As excitement grows ahead of the Olympic Games Royal Navy ships and establishments have rung their Ship’s Bells in a cultural event.

From naval bases across the UK to HMS Diamond in the Middle East, sailors took part in the ‘All the Bells’ Cultural Olympiad project by ringing them for three minutes exactly.

The event started at 8.12 am across Britain to mark the first day of the Games. The Royal Navy and the Royal Fleet Auxiliary took part with RFA Mounts Bay in Portland, HMS Bulwark in Weymouth Bay, HMS Ocean in Greenwich and the submarine HMS Vigilant in Scotland.

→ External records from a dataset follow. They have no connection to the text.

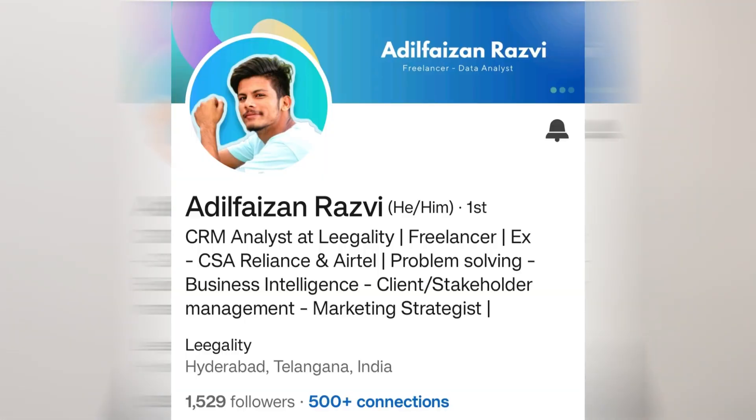Friends, welcome back to our channel Learn With Geeks. In this video, I have invited Adil Faizan Razvi, who started his journey from customer support and now has become a Power BI freelancer.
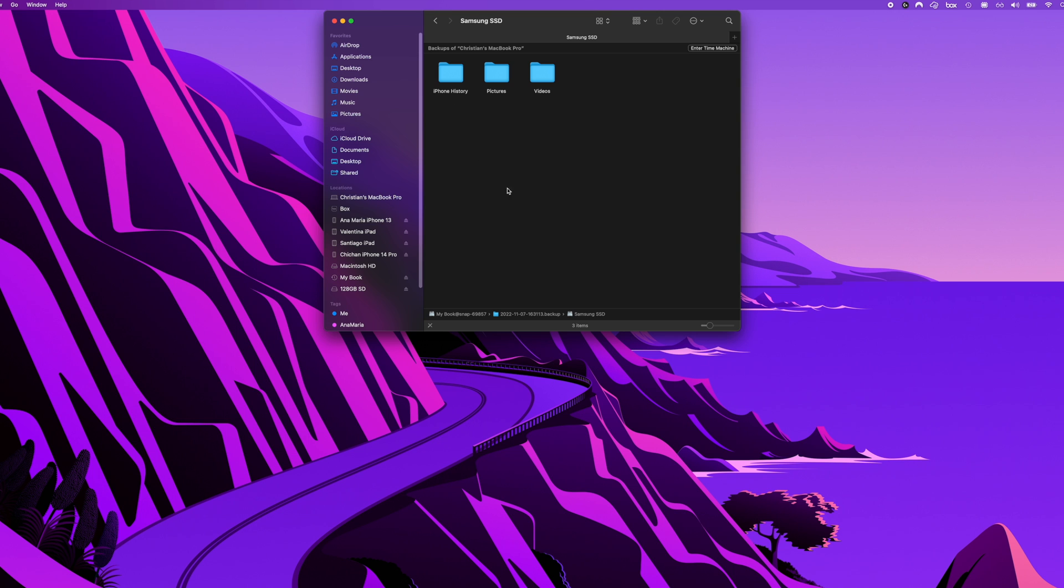Now all you have to do is get a new drive and drag these files over to the new drive and just keep backing up that new drive just how you were backing up your old drive, which in this case was my Samsung SSD.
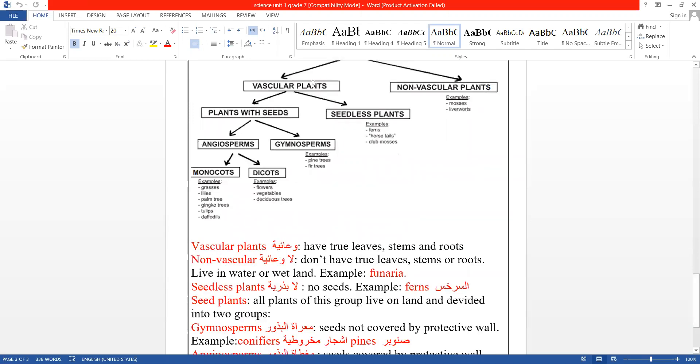Now, vascular plants (nebatat al-wia'iyah) are divided into two parts: plants with seeds (nebatat bedriya) and seedless plants (nebatat ghaer bedriya).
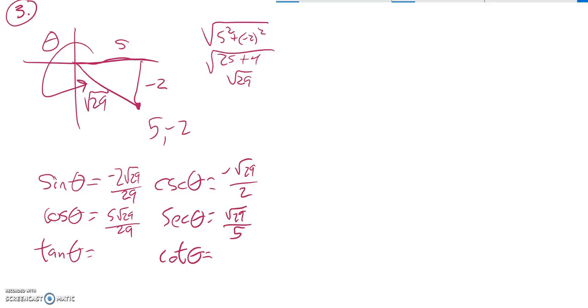Tangent is rise over run, y over x, negative 2 fifths. Cotangent is that flipped over, negative 5 halves. And there they are.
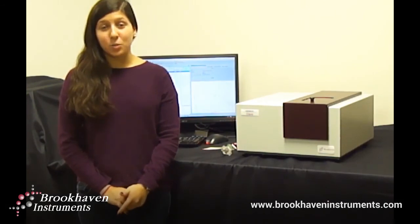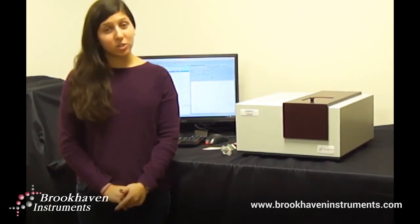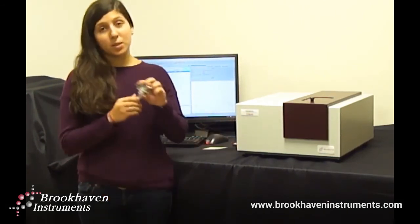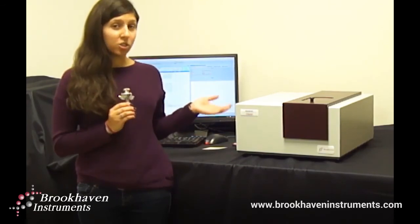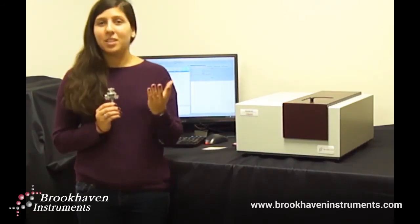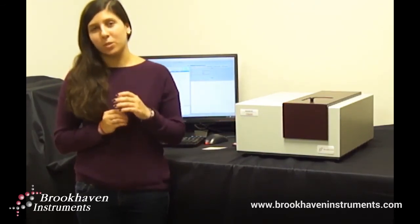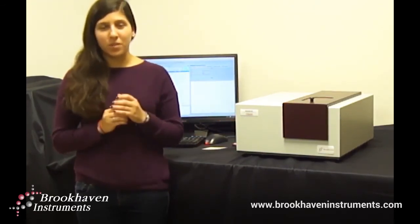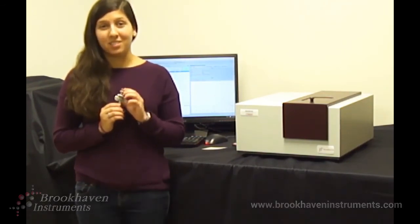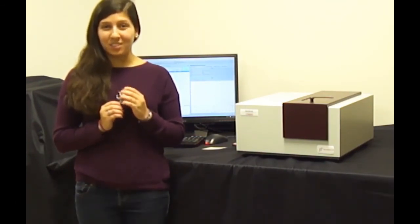I hope you have seen how easy it is to measure the charge on a surface with our new surface zeta potential electrode in conjunction with the NanoBrook Omni. Stay tuned for more videos where we explore various applications with our instrumentation. Thanks for watching!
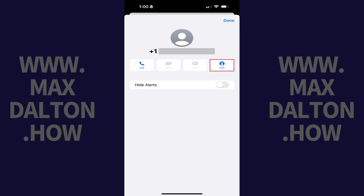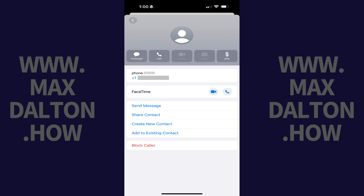Step 3. Tap info. A screen with options associated with that user is shown.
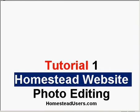Hey, it's Jordy from homesteadusers.com. Photo editing is what we're going to do in this tutorial, number one of however many I decide to make for photo editing.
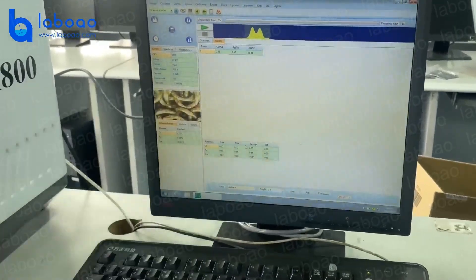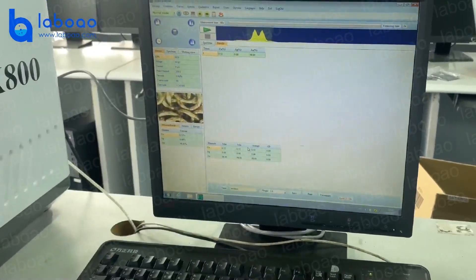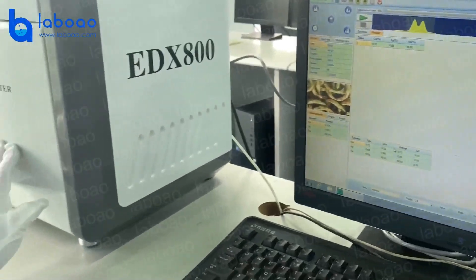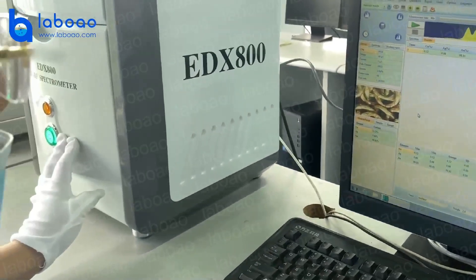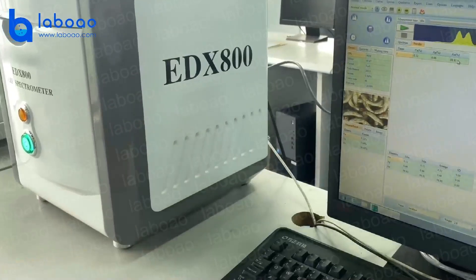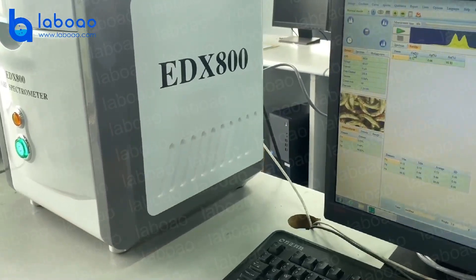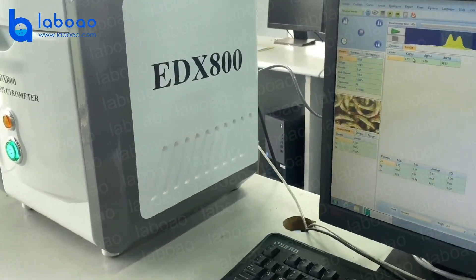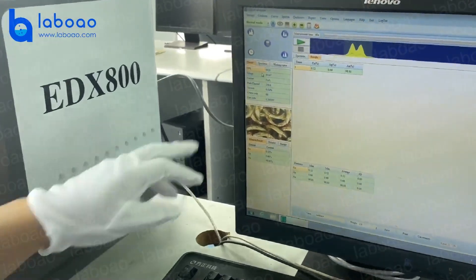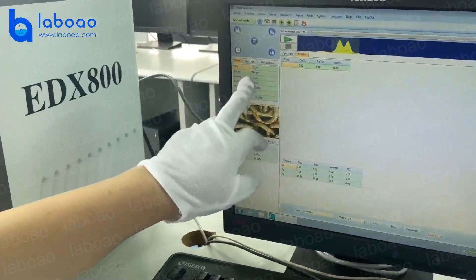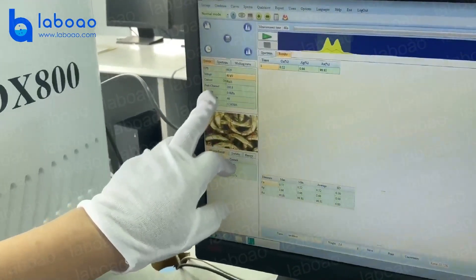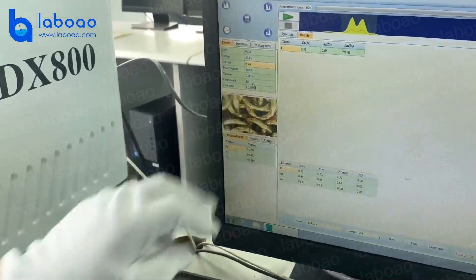This model is the cheapest in the world. It focuses on precious metals — Au, Ag, copper — and can also test nickel and zinc. Here we can see the CPS of the machine; voltage and current are also shown as machine information.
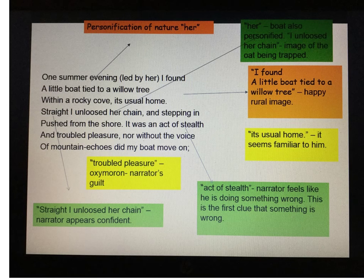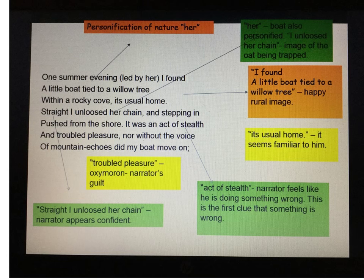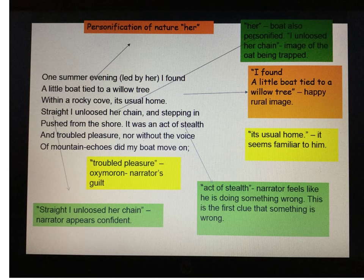Looking at the opening lines: 'One summer evening, led by her, I found a little boat tied to a willow tree within a rocky cove. Straight, I unloosened her chain and stepping in pushed from the shore.' We have the personification of nature as 'her,' as a female. Wordsworth also personifies the boat as a 'her,' saying 'I unloosened her chain.' This personification gives nature a feminine quality, and in the first half of the poem the speaker adores nature — he's happy, self-assured, and describes things positively.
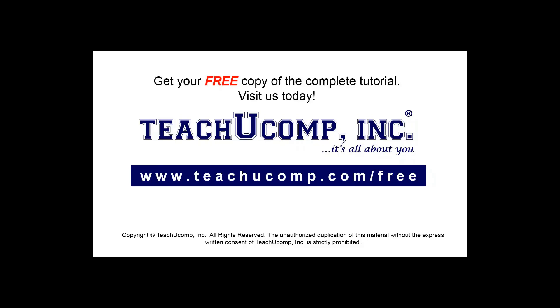Get your free copy of the complete tutorial at www.teachucomp.com/free.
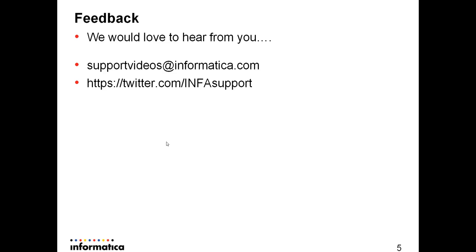As always, you can send your feedback by email to supportvideos@informatica.com or by Twitter to twitter.com/INFAsupport.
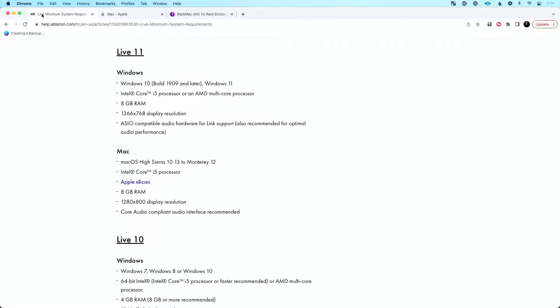Tip number two: check out Ableton's minimum system requirements. If you're a Windows PC person, you can find their recommendations for Windows there as well. On the Mac side for Live 11, they say High Sierra 10.13 to Monterey 12 is supported and recommended, with at least an Intel Core i5 processor. Apple Silicon is also supported and recommended, with at least eight gigs of RAM. Use the minimum system requirements as a base level to essentially consider.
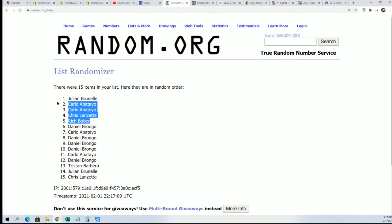All right. There's our top five. And I just want to say congratulations to you guys.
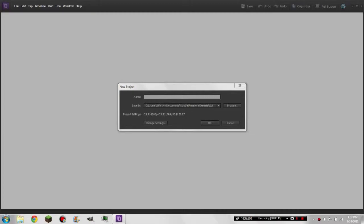So I'm gonna show you how to make a muzzle flash with Adobe Premiere Elements 10. I'm not gonna go into lighting or anything — it's just gonna be a simple muzzle flash with smoke on a regular action scene. So we'll call it 'Muzzle Flash.'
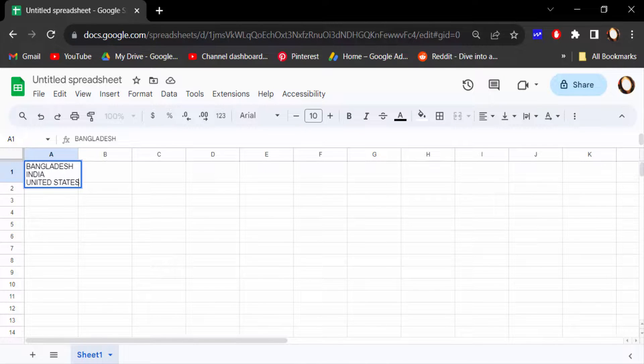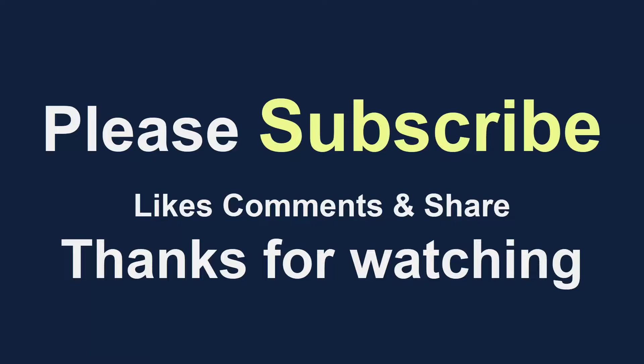So you can start new lines within the same cell in this way. I hope you enjoyed this video — thanks for watching and don't forget to subscribe to my channel. Thank you!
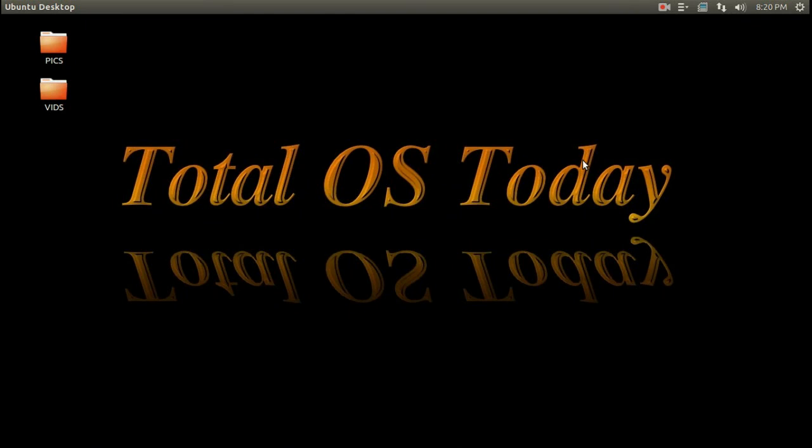All right, welcome back to Total OS Today - total technology for beginners and beyond. I was just about to chill for the evening and watch some Sunday night football, but there is some Linux Mint news if you are into Linux.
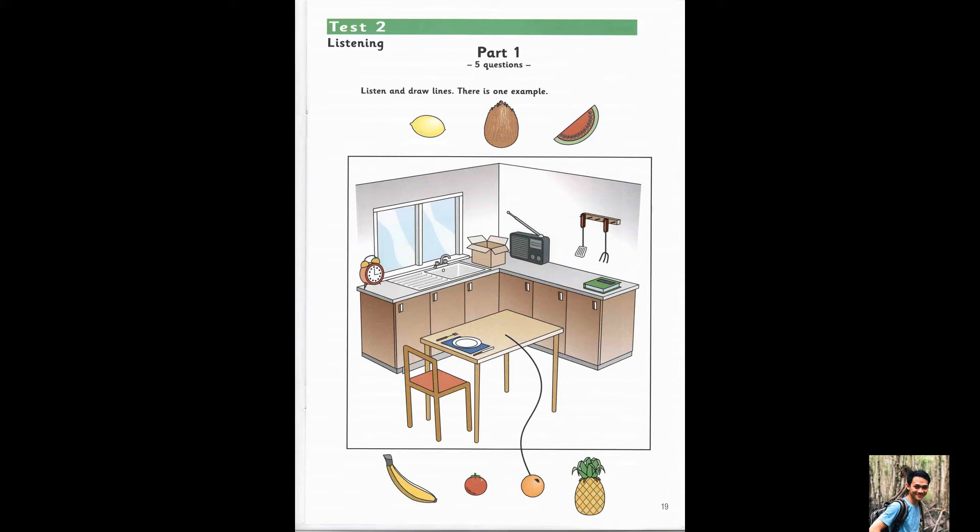5. The coconut is on the chair. Where's the coconut? On the chair.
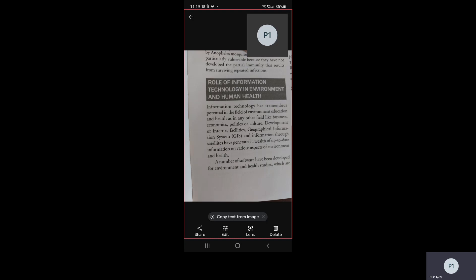Information technology has tremendous potential in the field of environment, education, and health, as in any other field like business, economics, politics, or culture. Information technology plays a very important role in the environment and human health. The development of internet facilities, Geographical Information System (GIS), and information through satellites have generated a wealth of up-to-date information on various aspects of environment and health.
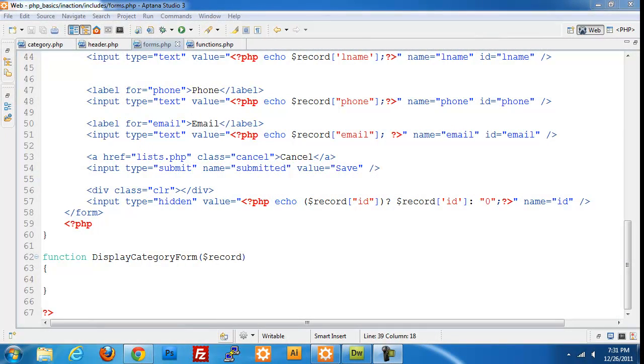In our last video we created everything needed to update a contact. We created the update and save functions as well as the display form function. Those took a little while because it was kind of tedious going through and adding all of the different fields and setting up the query.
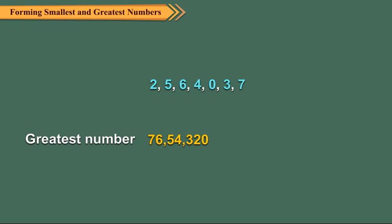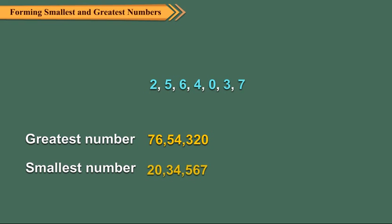And for smallest number, we write 20,34,567 because 0 at extreme left position is meaningless.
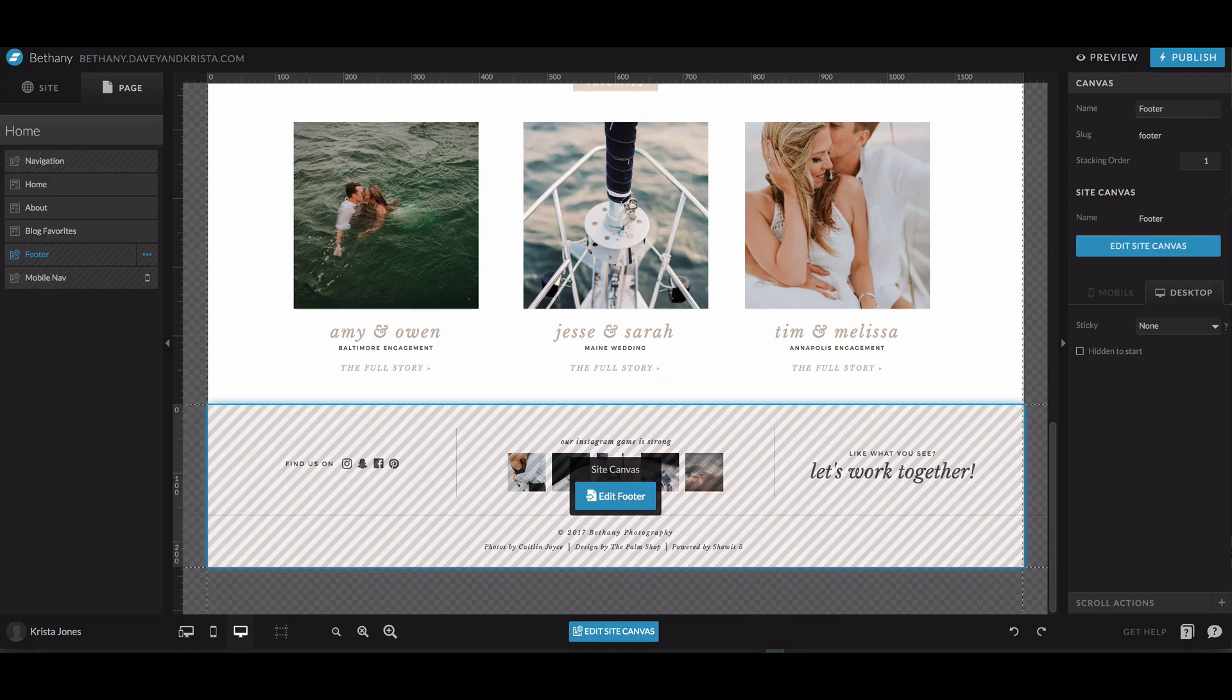Hey guys, Krista here from DavianKrista.com, where we help creative business owners build brands that book.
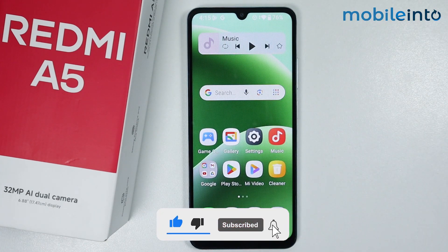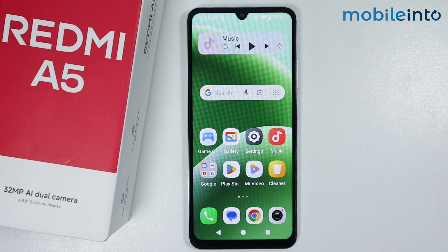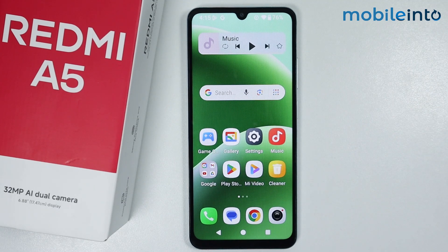And this is how you can add widgets on the Redmi A5. If you found this video helpful, please like the video and subscribe to our channel, and hit the bell icon to get notified when we upload a new video.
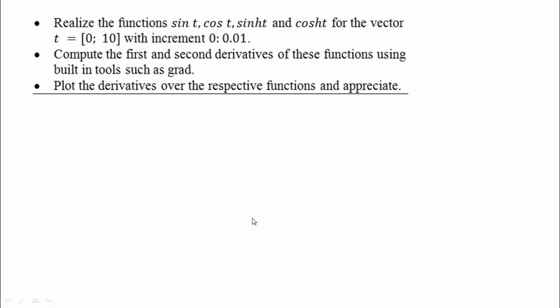Hello students, we are going to talk about differentiation and integration programs.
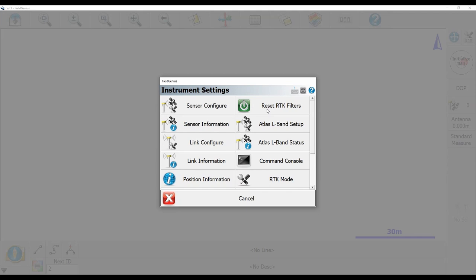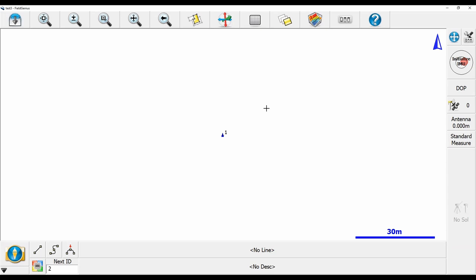You can see right here I have this reset RTK filters option, and if I click that, it's going to force me to recalculate my position.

RFA Mounts Bay Communications rating Sophie Pickford, 21, from Lincoln was thrilled to be representing her Service, having joined only two years ago after many years supporting her local Sea cadet Unit in Lincoln. Sophie was selected from the volunteers by Captain Kevin Rimell, the Commanding Officer of RFA Mounts Bay.

“It feels great to be part of something so big,” said Engineering Technician (Marine Engineering) Dale Sleeman, who was asked to ring the bell in recognition of the contribution he has made to Royal Navy rugby.

“We’ve been in London for a few weeks now, and there’s a fantastic atmosphere, everyone’s getting really excited.”

Down in Dartmouth in Devon the event continued at Britannia Royal Navy training college (BRNC). Sub Lieutenant Nicola Williams rang the ship’s bell on the College parade ground, while Reverend Andrew Hillier and civilian staff member Paula Franklin rang the chapel bell.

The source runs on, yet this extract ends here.